7. Reference may also be had to the judgment of the Supreme Court in the case of Ajay Mohan and Ors. vs. H.N. Rai and Ors., 2008 (2) SCC 507.

8. Hence it is not open to the plaintiff to now re-agitate her contentions

which have already been made and dealt with by this court on 14.02.2014. The only exception to this rule would be if there are some developments which have taken place after 14.02.2014 which would warrant a re-look at the said order.

9. The only additional ground which appears to have been taken in the present application is a communication dated 05.09.2014 said to have been written by one Sanjeev Gupta, the owner of the space where the generator of the plaintiff is running. The said communication states that the generator kept on the roof is creating a lot of nuisance and hence the generator may be shifted as soon as possible else the author states that the matter would have to be taken up legally.

10. This communication dated 05.09.2014 does not inspire any confidence. We are in April 2015 and it does not appear as if the author of the letter has initiated any legal proceedings against the plaintiff. Even otherwise, this court on 14.02.2014 had noted the said submission of the plaintiff that the landlord of the terrace of the adjoining building where the generator is installed is pressing for removal of the generator. Hence, it would follow that the alleged demand of the landlord for removal of the generator which has been noted by this court in its order dated 14.02.2014 is the only ground for having moved the application again. This is not a new ground to justify a relook at the order of this court dated 14.02.2014.

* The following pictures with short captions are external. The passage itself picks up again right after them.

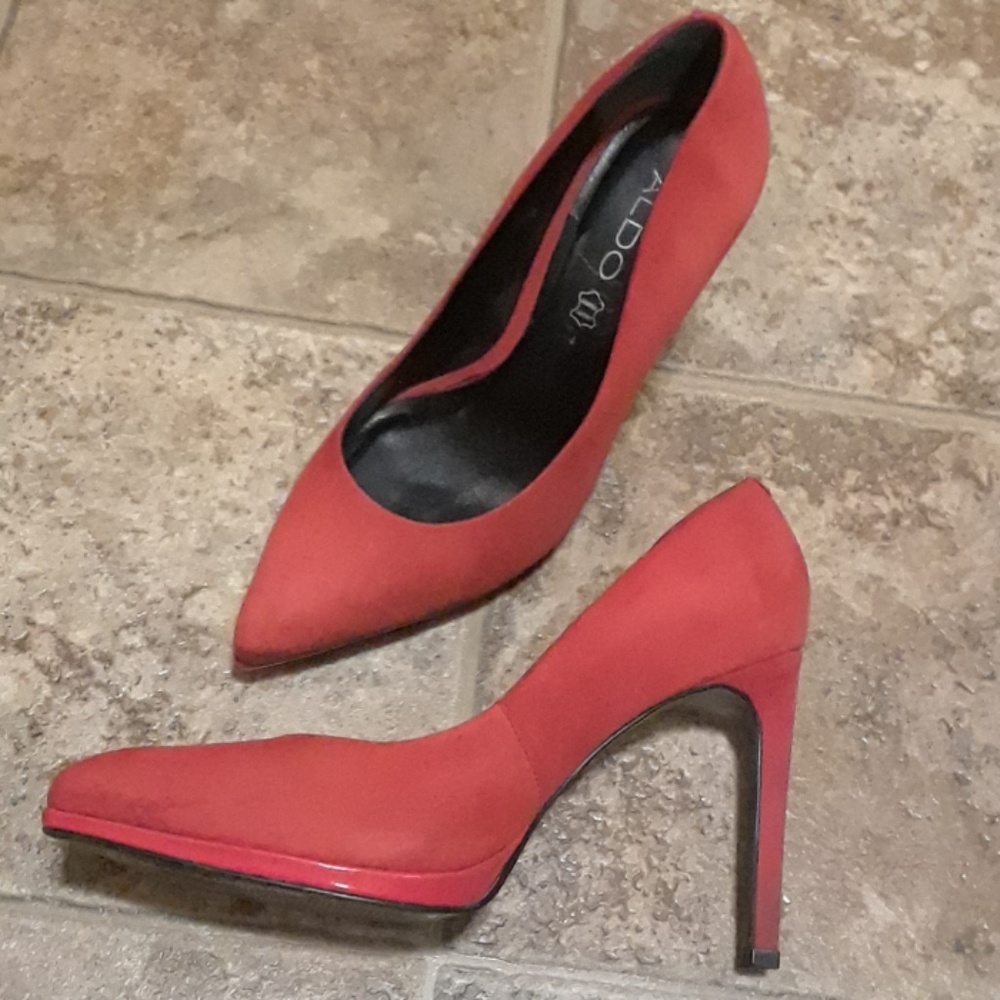 "Aldo" Red-Orange Suede Heels Size 7.5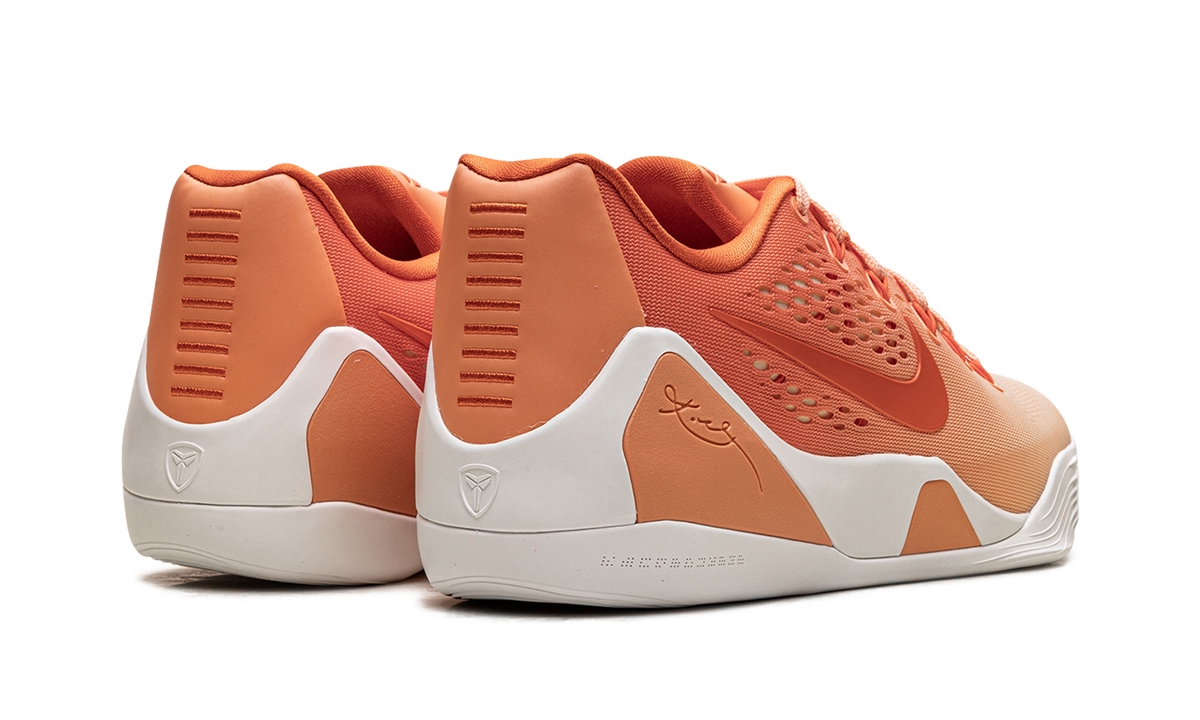 Kobe 9 Elite Low EM Protro "WNBA" IM6119 800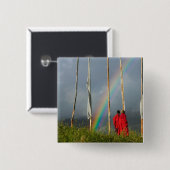 Bhutan, Gangtey Dorf, Regenbogen über zwei Mönche Button (Vorne & Hinten)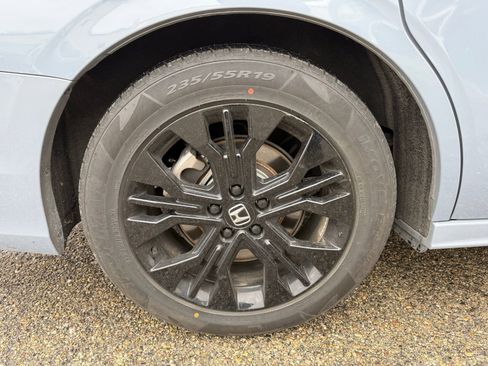 Used 2025 Honda Odyssey Sport-L image 8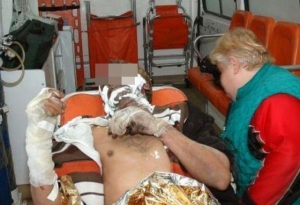 работни календари Работник бере душа във врачанската болница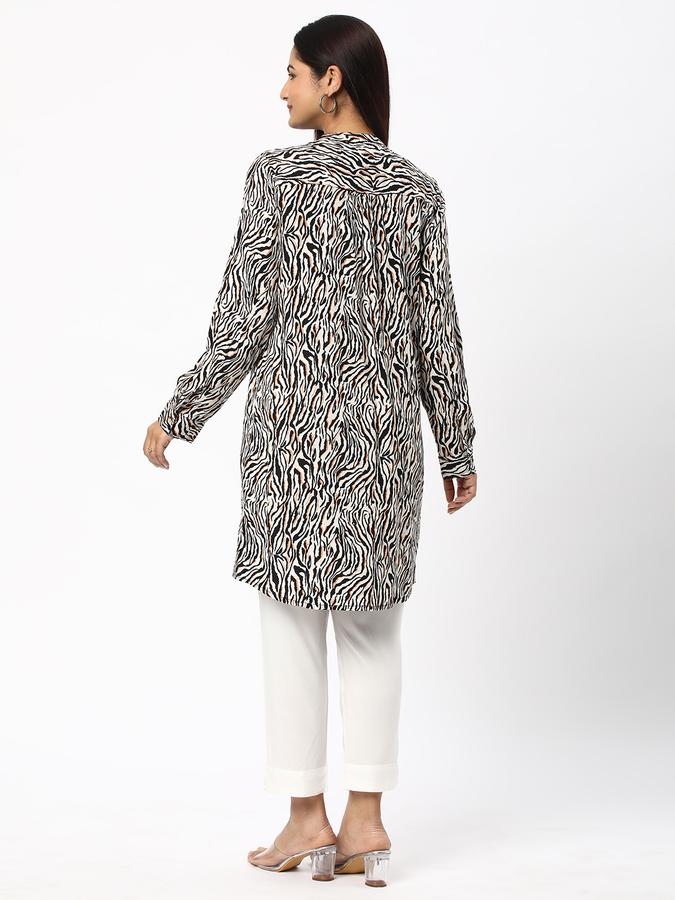 Women Animal Print Round-Neck Top image number 2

11. The only other ground taken in the application is about the alleged delay on account of final disposal of the matter. It is urged that as per order of this court dated 21.03.2013, the matter is ripe for final disposal as the parties have agreed that the issues do not require leading of any evidence. It is urged that there is untold delay on account of one party or the other party

moving one application or the other. Hence, it is urged that this court may have re-look at the order dated 14.02.2014.

12. The submission regarding delay in disposal of the suit cannot per se be a ground to re-agitate the entire matter all over again which has been dealt with by this court in detail on 14.02.2014. There is no merit in the present application and the same is dismissed.

IA No. 4933/2014

13. This is an application on behalf of defendants No. 3A and 3B under Order 6 Rule 17 CPC seeking amendment of the written statement.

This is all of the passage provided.